This post is for non-developers who are interested in working with the cable_db_full.sql database of diplomatic cables that Wikileaks released as a part of their “Cablegate” project. It tells you how to download the file, unpack it, and install it in PostgreSQL under XAMPP, allowing you to view and query the database in a browser-based graphical interface (phpPgAdmin) from your local drive rather than a dedicated server.
I’ve been working with Wikileaks’ Cablgate corpus for almost a year now — looking for language patterns by running the HTML version of some of these cables through desktop software designed for linguistic analysis: WordSmith Tools, AntConc, and TextCrawler. (Actually TextCrawler is more like a sophisticated tool for doing search-and-replace operations: it was handy for processing files before I analyzed them in WordSmith and AntConc.)
In September 2011, however, Wikileaks released the entire 250k + files. Unpacked, the HTML files are a whopping 60 GB now, which is far more than any of my desktop programs can handle. Wikileaks also released an *.sql file containing the same information at a fraction of the weight: 1.7 GB.
As an aside, this last data dump came as a result of some drama between Wikileaks and a reporter who had been working with the organization to redact sensitive information before the cables were released. The latest data are completely un-redacted, and I have persisted in my studies of this corpus despite feeling some non-trivial ethical queasiness. My doubts on this score may become the subject of a future post.
Not a developer
In order to continue working with this corpus, I realized that I was going to need to learn about relational databases (or rather to expand my knowledge from MS Access out to larger, server-oriented solutions), so I spent this weekend repeatedly running my head against a brick wall in an attempt to get at the data in cable_db_full.sql, a PostgreSQL dump that you can find by going to the Cableviewer page on Wikileaks and following the BitTorrent link at the bottom of the page titled, “Cable database in searchable format – for developers (updated!).”
If you even know what PostgreSQL is, then you already know more than I did when I started hammering away at this file Saturday afternoon. The steps that follow are probably painfully obvious to the developers for whom this file was intended. I’m not a developer. I’m just getting started. Also, I don’t have access to a server that can handle this much data yet, so I had to find a way to access it on my local PC. I may expand on my environment constraints and the steps below in a future post. For now, here’s what I did, for what it’s worth.
Steps to open cable_db_full.sql
- Install Xampp
- Realize that this is a PostgreSQL database, which is very different from a MySQL database (if you remember only this step, you will already be 5 hours ahead of me)
- Add PostgreSQL to Xampp (here’s a tutorial).

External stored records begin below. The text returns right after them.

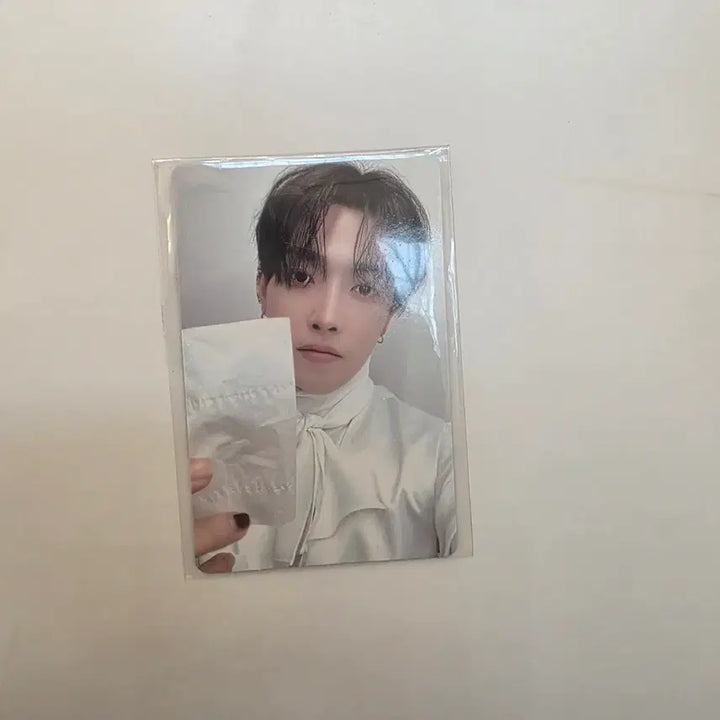 [BUNJANG] ATEEZ Hongjoong Entrance Photocard / 에이티즈 홍중 입장 포카 포토카드 양도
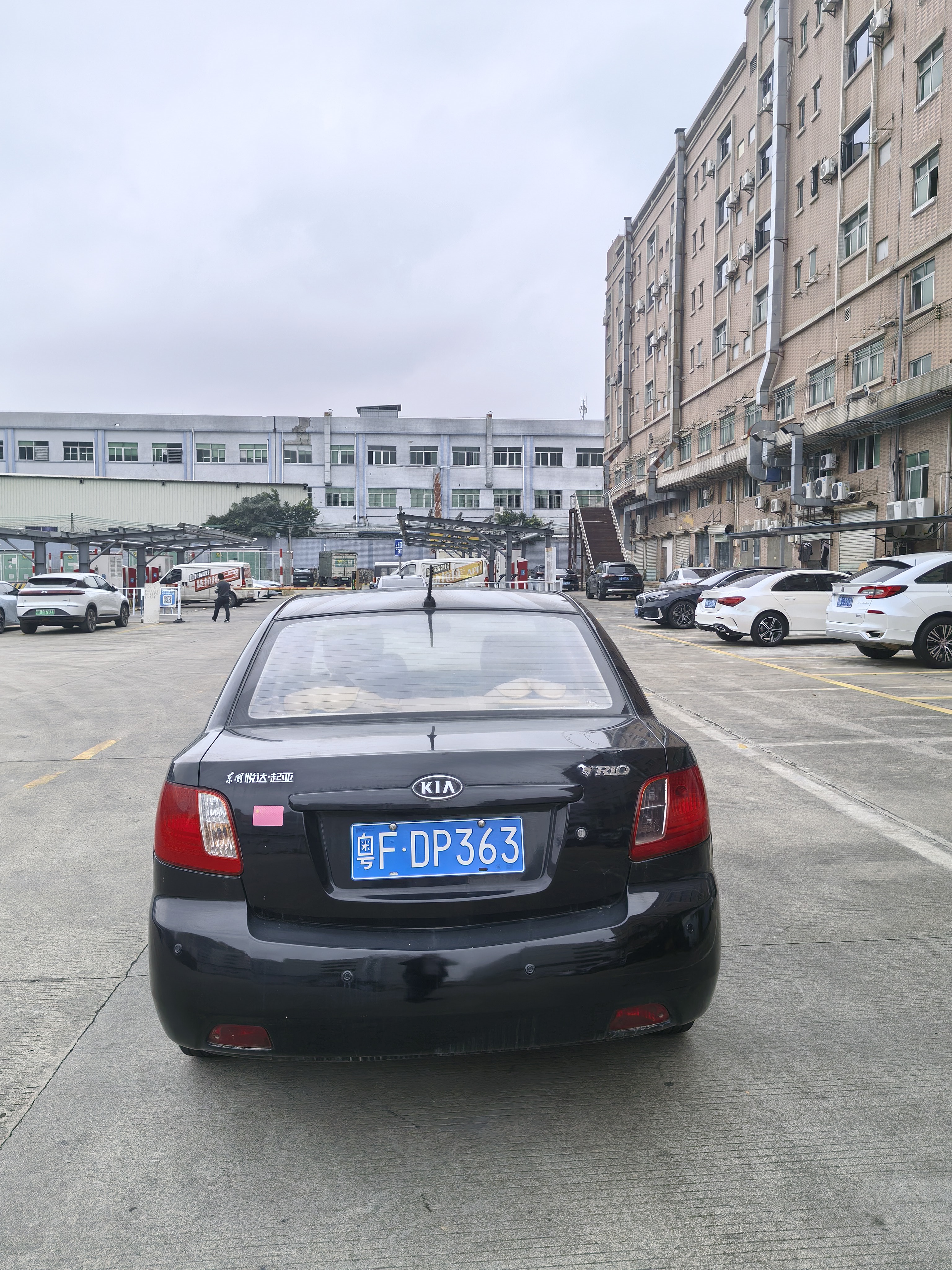 Kia Rio 2010 صورة سيارة #4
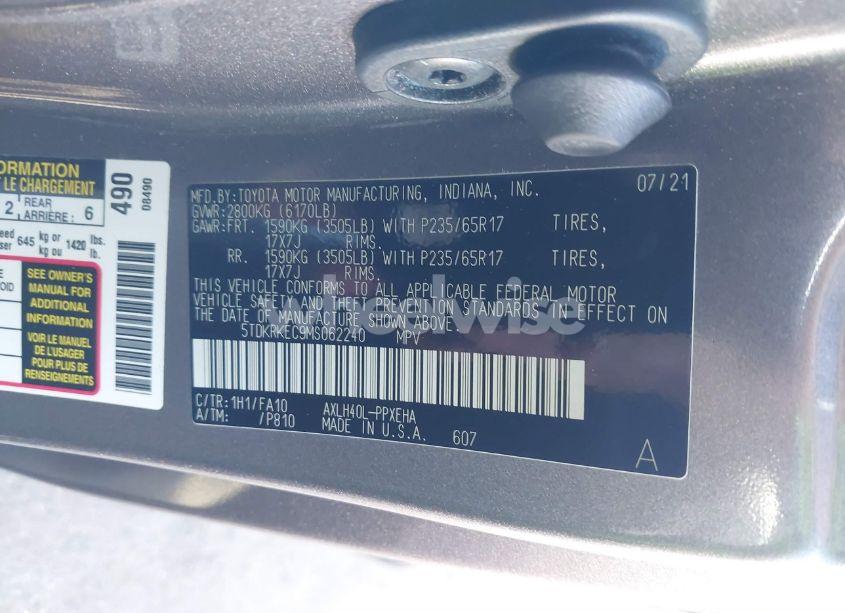 Photo 9 of 2021 Toyota Sienna LE (VIN 5TDKRKEC9MS062240)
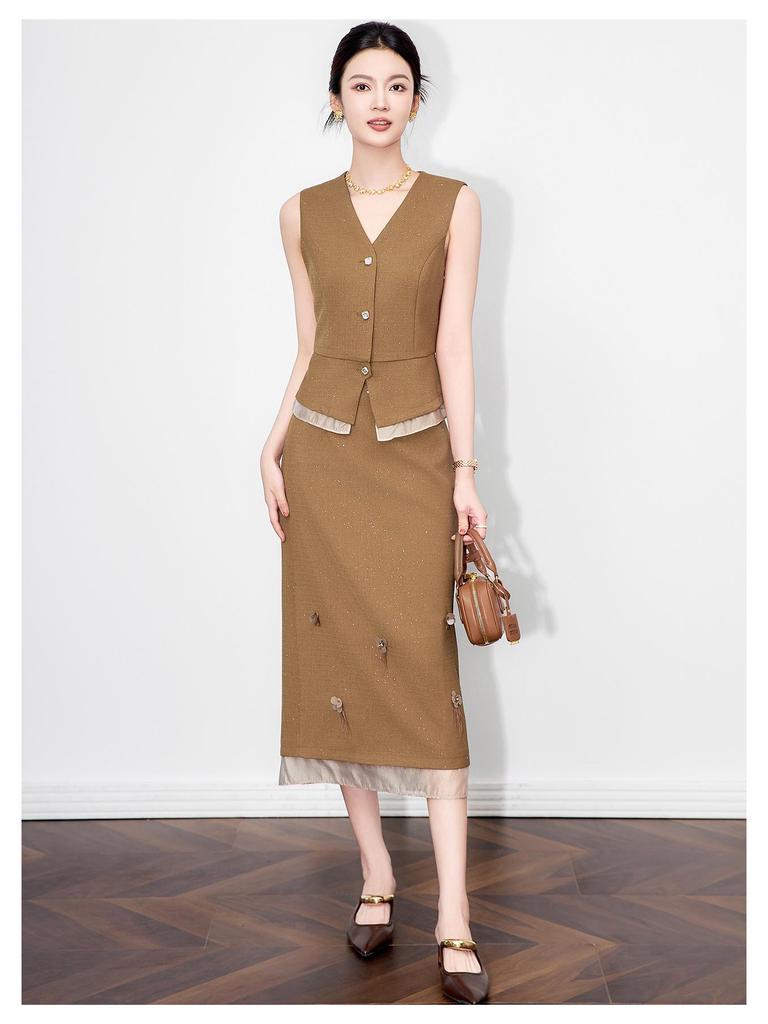 Modny zestaw kamizelki z dekoltem w serek i organzowej spódnicy z cekinami w kształcie gwiazd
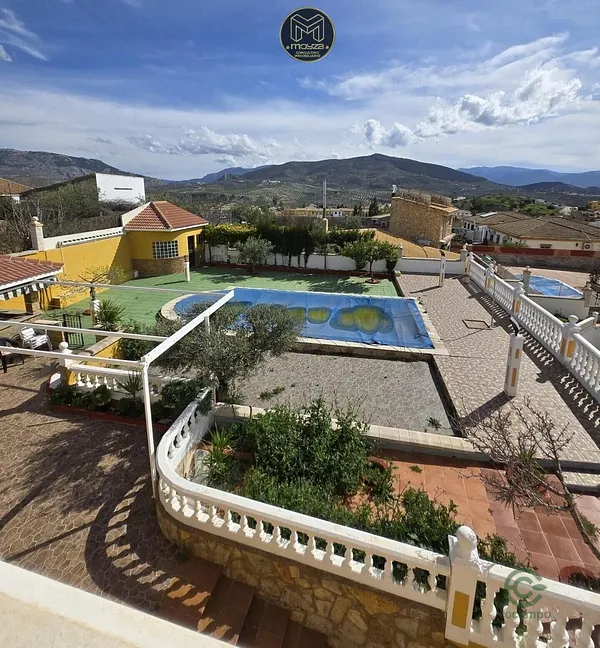 Casa de 0,15 ha en venta en Jaén, Jaen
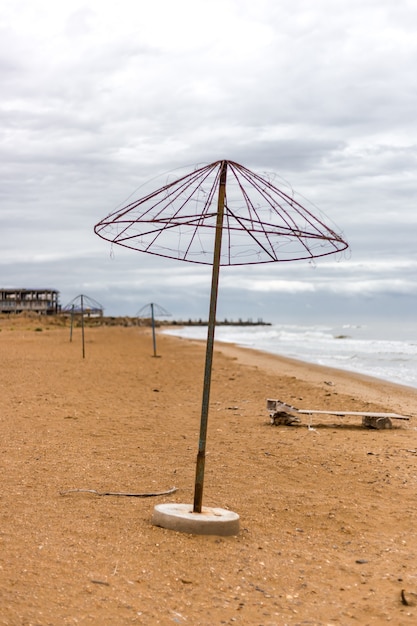 Vecchio ombrellone dal sole in spiaggia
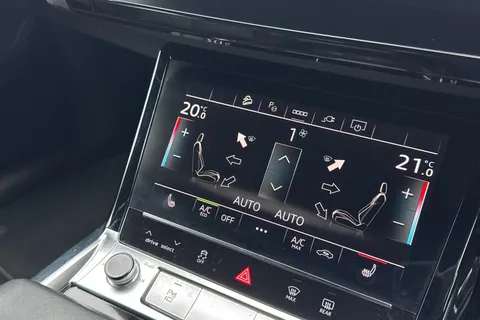 YH72KDJ Audi e-tron Black Edition 55 quattro 300,00 kW Thumbnail #23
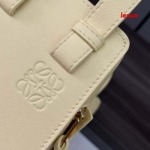 2025年早春新品入荷 LOEWE 本革 バッグ lexun工場 size：19.5*14.5*20.8
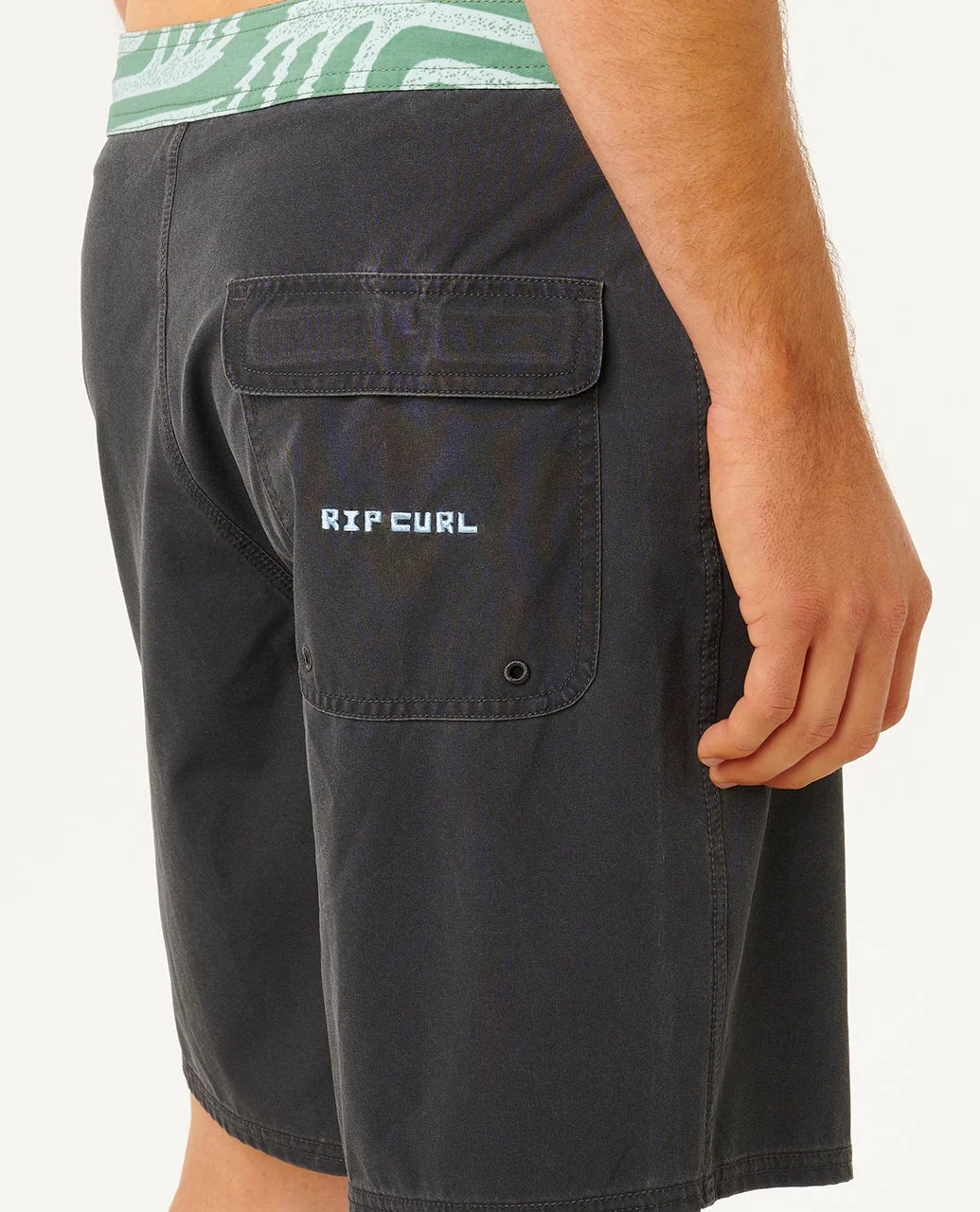 Mirage Artist of the Search Boardshort - Image 5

- Make sure Xampp is running, then go to http://localhost/phppgadmin (the browser-based graphical manager for PostgreSQL).
- Create new database, cable_db_full
- Add PostgreSQL’s bin folder (should be c:/xampp/pgsql/bin) to PATH environment variable in Windows, or do whatever you need to do to send PostgreSQL commands through the command line in another OS
- Download cable_db_full.7z.torrent (requires BitTorrent)
- Extract cable_db_full.7z (requires 7zip)
- Open command line and go to the directory containing the extracted file, cable_db_full.sql
- Run this command (assumes that PostgreSQL username is the default ‘postgres’ created in step 3, and that the environment variable for PostgreSQL has been added as in step 6):
psql -U postgres cable_db_full < cable_db_full.sql
- Your command line should start chewing away at the import, showing a bunch of INSERT 0 1 messages. If you get through all of these and end with ALTER TABLE, then you’re done. You can start browsing and querying your database in http://localhost/phpgadmin, which you installed in step 3.
I ran into some problems with errors in the *.sql file, so I had to edit it with a trial version of 010 Editor (none of my usual text editors could handle a file this large). I also ran into a problem with some missing *.dll libraries after step 3. I did a lot of random Googling for this one, and ended up copying the two “missing” files from one folder to another. If you run into this problem, mention it in a comment and I’ll try to be more specific about my resolution.